April 26, 2016
Nestled between York Golf Club and Spring Hallow in the city of Worthington, Ohio, AltaSim established itself as a simulation consultant specializing in the use of COMSOL Multiphysics suite. But the company is also testing the waters in the emerging simulation app market, an offshoot of the industry’s desire to make simulation much more accessible to a wider user base.
Traditionally, the use of simulation revolves around general-purpose simulation software packages. The level of expertise required by this approach limits the pool of candidates who can use the technology. But the app-ification of simulation—the movement to encapsulate repeatable simulation tasks as simple, template-driven apps—broadens the playing field. It also leave room for simulation app developers—a new type of vendors.
AltaSim’s HeatSinkSim examplifies this trend. It also illustrates the complex relationships and partnerships that must exist to support the new usage paradigm.
To begin, AltaSim developed HeatSinkSim. In the creators’ own words, the app analyzes heat transfer “using conduction, convection, and radiation. Two levels of analyses are available: Level 1 analyzes a range of heat sink designs to identify optimum heat sink designs; Level 2 provides a detailed analysis of the optimum heat sink design and is automatically recommended when predicted temperatures approach component operating limits.”
HeatSinkSim is an app—a repeatable simulation operation—built to run on COMSOL Multiphysics. In other words, when a user pluck in the input parameters, the app uses COMSOL software to compute the answer in the background.
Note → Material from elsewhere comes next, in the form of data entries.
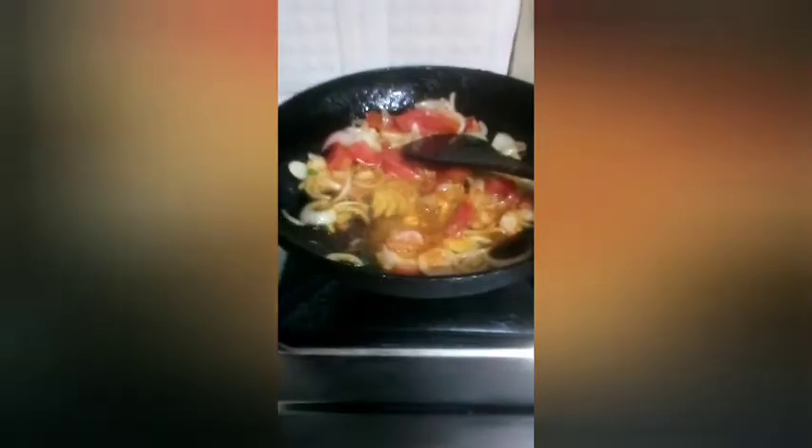We will add some pepper powder — you can add it if you need some spices. Otherwise, we will add chopped chili. Now, we have chopped chili.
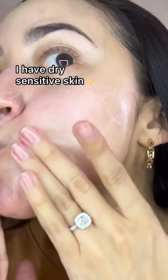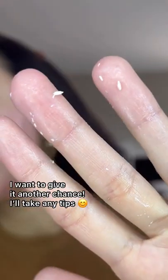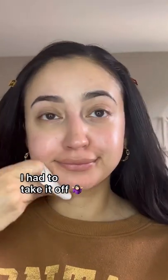Just to give you guys a heads up, I have dry sensitive skin. I'm going to give the sunscreen one more chance — comment down below what you guys think I should do — but I had to end up removing it.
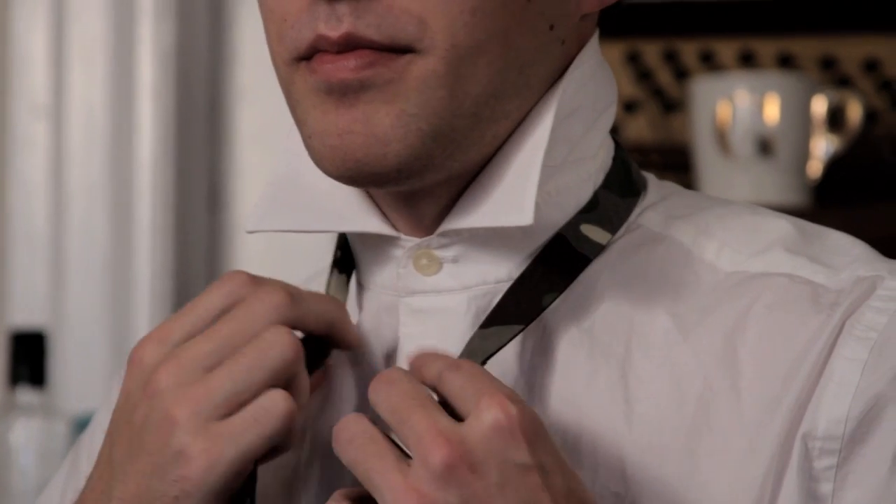To start off, you want to take a longer side and a shorter side. Some people say the right side needs to be shorter, but it doesn't really matter — it's personal preference — as long as the longer side goes over the shorter side, and then up. Then you want to tie it like a knot.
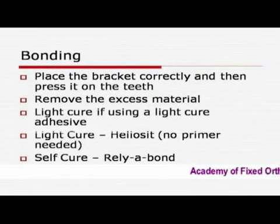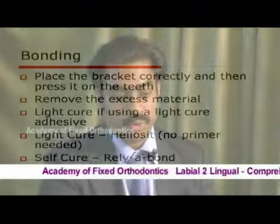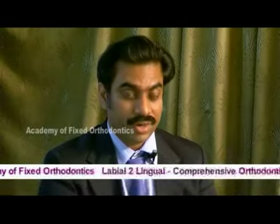Press the bracket correctly and then press it on the teeth, remove the excess material, and light cure if you are using a light cure adhesive. What I use is Heliocyt Orthodontic from Ivoclar Vivadent, and no primer is needed for it.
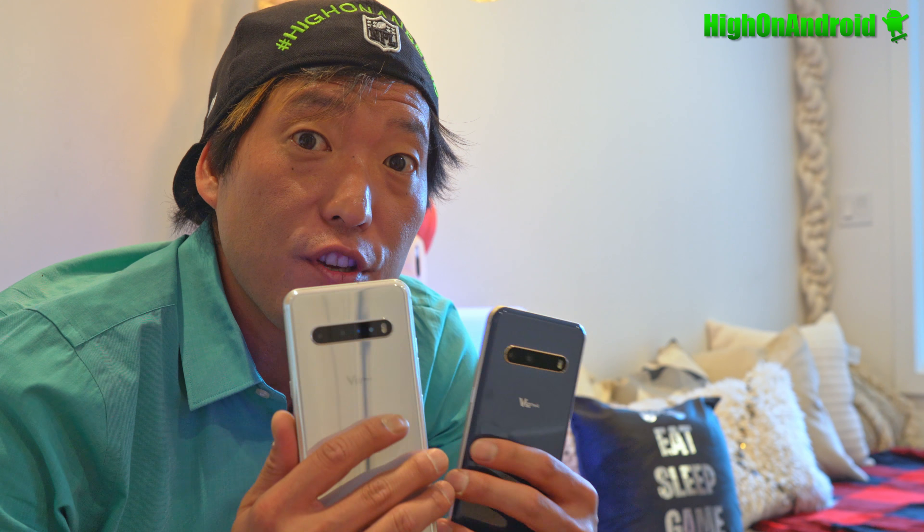Hey guys, I'm at the LG event. Let's go ahead and check out the LG V60.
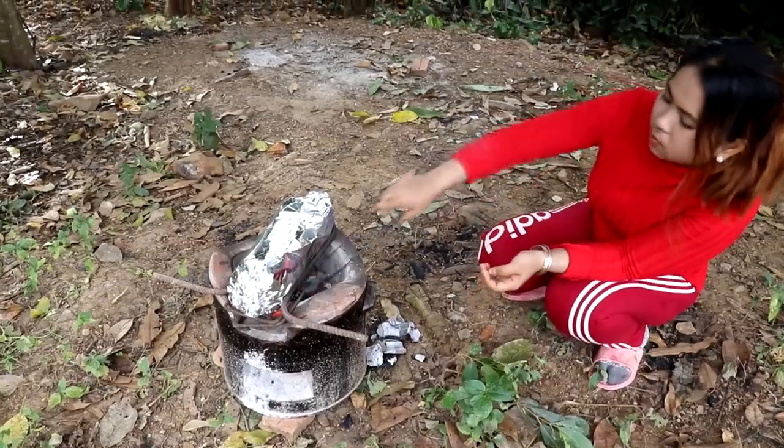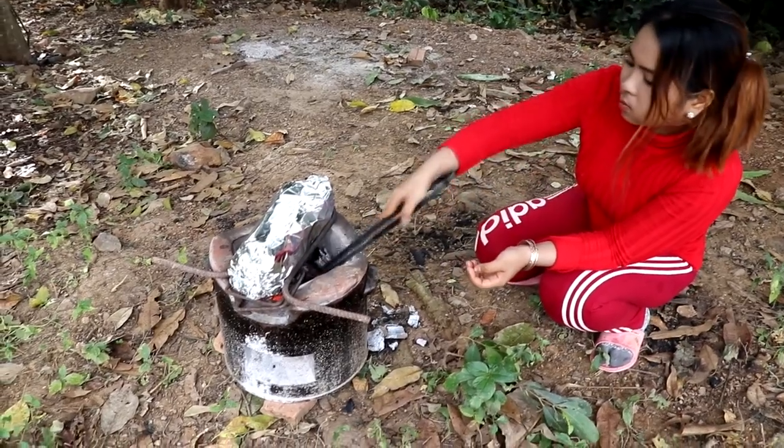I'm going to use the same thing. I'm going to use a little bit of a roll. I've got a little bit of a roll — I'm going to put a little bit of a roll.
This allows novice users with limited multiphysics simulation software expertise to bypass the need learn COMSOL software to set up the problem correctly.
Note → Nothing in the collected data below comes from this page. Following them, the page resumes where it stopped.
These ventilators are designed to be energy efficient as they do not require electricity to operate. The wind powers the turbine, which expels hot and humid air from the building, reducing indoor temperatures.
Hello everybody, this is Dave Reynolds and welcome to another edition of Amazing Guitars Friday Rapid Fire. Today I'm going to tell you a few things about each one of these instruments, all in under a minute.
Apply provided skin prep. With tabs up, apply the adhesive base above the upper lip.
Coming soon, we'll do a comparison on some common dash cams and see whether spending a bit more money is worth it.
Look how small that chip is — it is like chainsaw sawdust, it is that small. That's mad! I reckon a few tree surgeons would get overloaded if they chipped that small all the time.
COMSOL, the company behind the popular COMSOL Multiphysics software, also encourages the app-ification with the release of its COMSOL Server, which functions as the host for simulation apps.
HeatSinkSim app is distributed through AweSim, a public-private partnership created by the Ohio Supercomputer Center’s (OSC) Blue Collar Computing initiative. AweSim’s director Alan Chalker said, “Simulation-driven design replaces physical product prototyping with less expensive computer simulations, reducing the time to take products to market, while improving quality and cutting costs. Smaller manufacturers largely are missing out on this advantage, because they cannot afford to leverage such solutions. We aim to level the playing field, giving the smaller companies equal access.”
Note: For more, listen to a recent DE roundtable chat with AweSim’s Alan Chalker, now available online here.
The shift to simulation apps is one way to level the playing field, both in the cost and the skill required to use simulation. But the simulation app market is still in its infancy; therefore, it’s difficult to gauge its commercial strength.
At the present, there’s no established pricing or licensing norm for app-style simulation usage. So the app developer, the app distributor, the general-purpose simulation software maker, and the hardware infrastructure provider must negotiate an economically viable revenue-sharing scheme among themselves.
At the same time, identifying app-ification opportunities and pricing the app fairly remain a challenge for app developers. A simulation app that’s expected to draw high-volume usage (for example, a cell-phone drop-test app) may be sold at a relatively low cost. On the other hand, an app to simulate a rare but unavoidable crisis (for example, a nuclear reactor meltdown simulator) needs a different pricing model.
Jeff Crompton, AltaSim’s principle consultant, said, “HeatSinkSim has just finished beta-testing, so we currently have no numbers on sales or usage.” He clarified that the app can be installed in a desktop PC, run remotely through a browser, or run on remote hardware. It’s available for purchase, short term lease, or pay-per-use licensing.